Aim of the exercise – Only one span of the material below is wanted. Output it exactly, from the line with "If I click on" through the line with "They've also acknowledged", without any pictures.
(Beginning of The data)
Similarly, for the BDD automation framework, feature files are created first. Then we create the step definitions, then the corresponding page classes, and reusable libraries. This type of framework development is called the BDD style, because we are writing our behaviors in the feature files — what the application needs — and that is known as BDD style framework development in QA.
(End of The data)
(Beginning of The data)
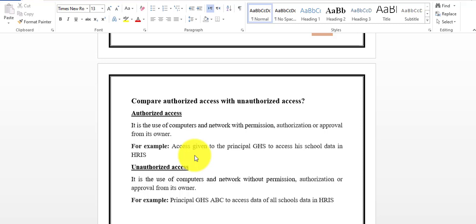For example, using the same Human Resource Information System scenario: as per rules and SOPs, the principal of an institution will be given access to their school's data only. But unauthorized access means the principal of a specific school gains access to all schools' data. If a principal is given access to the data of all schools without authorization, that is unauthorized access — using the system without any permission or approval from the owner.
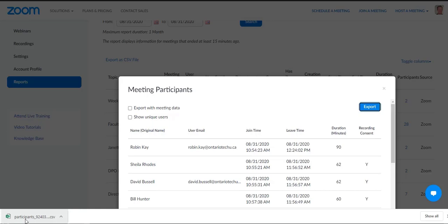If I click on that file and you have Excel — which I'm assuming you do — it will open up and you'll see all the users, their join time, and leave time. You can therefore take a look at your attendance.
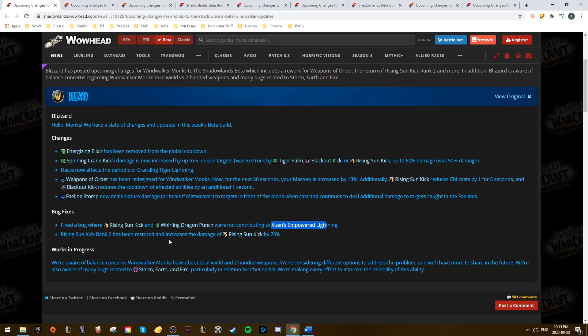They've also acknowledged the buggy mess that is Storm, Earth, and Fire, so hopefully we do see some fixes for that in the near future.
(End of The data)
(Beginning of The data)
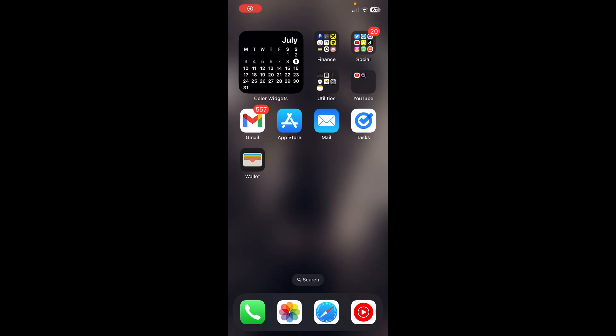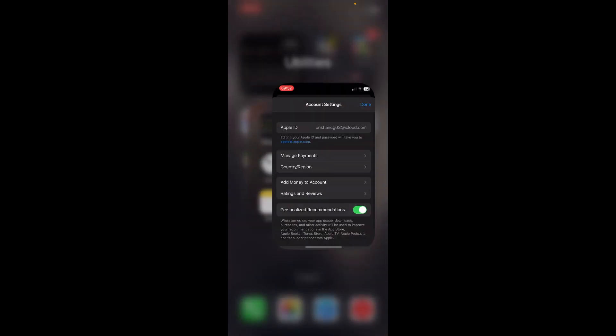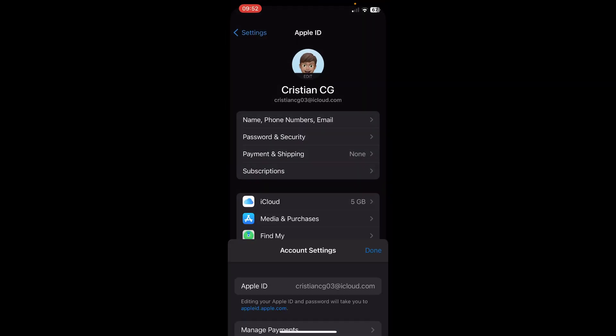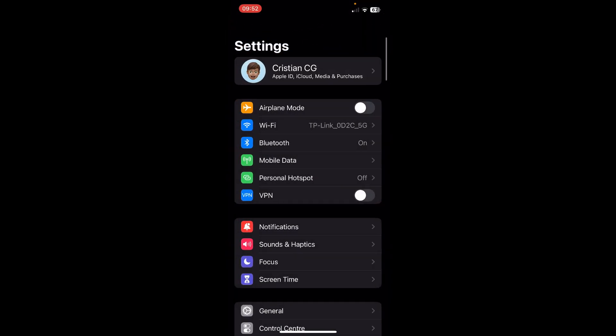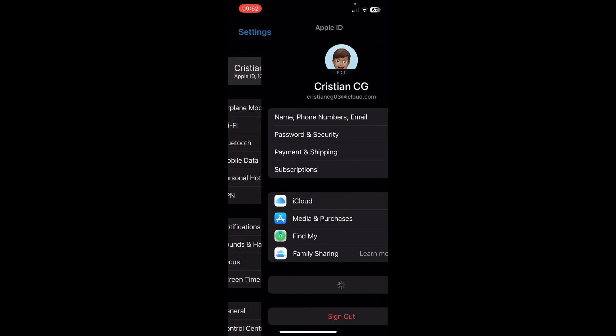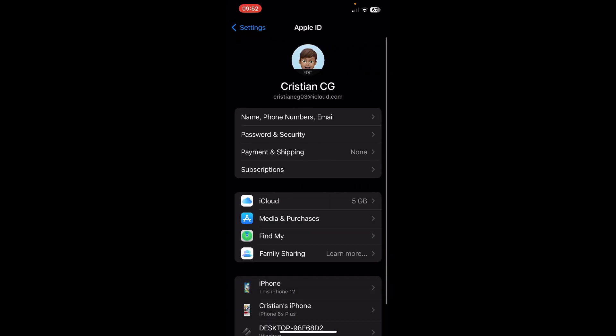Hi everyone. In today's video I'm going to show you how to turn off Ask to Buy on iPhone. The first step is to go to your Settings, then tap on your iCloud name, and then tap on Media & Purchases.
(End of The data)
Reply to the exercise –
If I click on that file and you have Excel — which I'm assuming you do — it will open up and you'll see all the users, their join time, and leave time. You can therefore take a look at your attendance.
They've also acknowledged the buggy mess that is Storm, Earth, and Fire, so hopefully we do see some fixes for that in the near future.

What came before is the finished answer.